Despite the gravity of the allegations facing him and the company he co-founded, Mr. Chan has shown no signs of withdrawing from public view to sunbathe and listen to music as he did when his business ventures collapsed in the late 1980s. At least not yet.
When the Muddy Waters report was first published in June, he called the accusations "unfounded," posted a video on the company's website addressing the allegations and promised a summertime tour of Sino-Forest's operations in China to Bay Street analysts.
But soon after, the analyst tour was cancelled, and then Mr. Chan, who according to a document filed with regulators in China is a member of the Chinese Communist Party, went quiet.
On the last Friday in July, a reporter visited Sino-Forest's executive offices on the 38th floor of the Sun Hung Kai Centre in Hong Kong's Wanchai district and was told that Mr. Chan was "unavailable."
Less than an hour later, the Sino-Forest chairman and CEO exited the elevator in the building's lobby and strode quickly through the marbled foyer.
Half a world away in Toronto, a special committee of Sino-Forest directors was beginning to zero in on the man who helped start it all. At the same time, a group of Canadian investors who had watched helplessly as billions of dollars of shareholder value was wiped out was preparing to launch a class-action lawsuit seeking more than $7-billion from Mr. Chan and his associates. In less than a month, Canada's top regulator would publicly accuse him of fraud.

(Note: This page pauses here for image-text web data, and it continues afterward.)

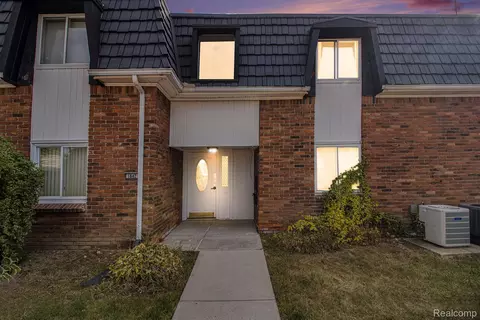 1842 Colonial Village Way #4, Waterford, MI 48328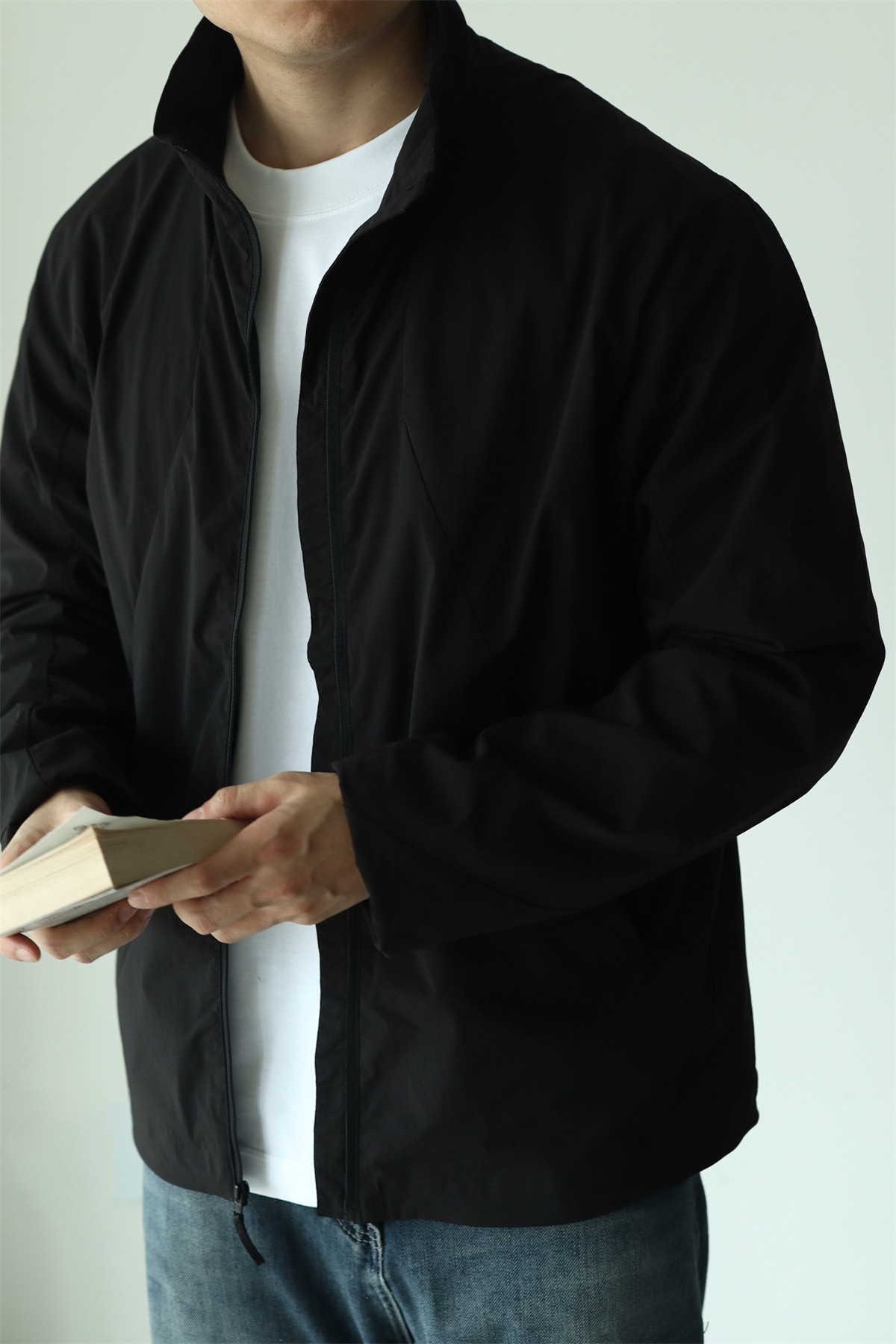 MONSEN Suitory Lightweight Windproof Twill Stand-Collar Jacket product image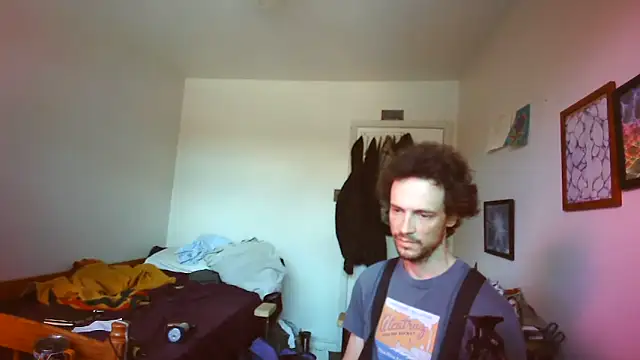JohnnyMoves live XXX chat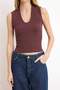 Mürdüm Düz Fitted V Yaka Kolsuz Crop Dokulu Örme Bluz TWOSS26BZ00249 - 3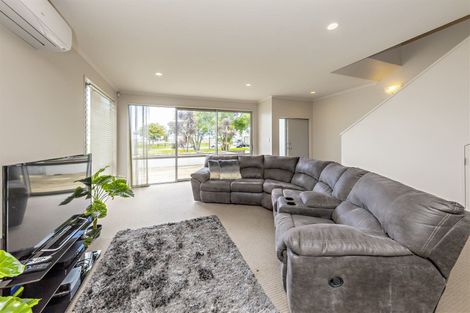 Photo of property in 30 Willow Camp Road, Takanini, 2112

But on that hazy Friday in Hong Kong, Mr. Chan seemed unconcerned. Dressed casually in navy slacks, a dark blue polo shirt and a multipocketed red vest, he stepped outside into the moist afternoon heat.
Waiting for him was an air-conditioned chauffeured black minivan. The vehicle, a 2009 Toyota, is registered to a company called Sino-Panel Gaoyao. It is one of more than 100 entities in the complex web of Sino-Forest subsidiaries that Mr. Chan helped engineer over the past two decades.
Mr. Chan climbed in the back seat, said something to the driver, and the automobile quickly sped away.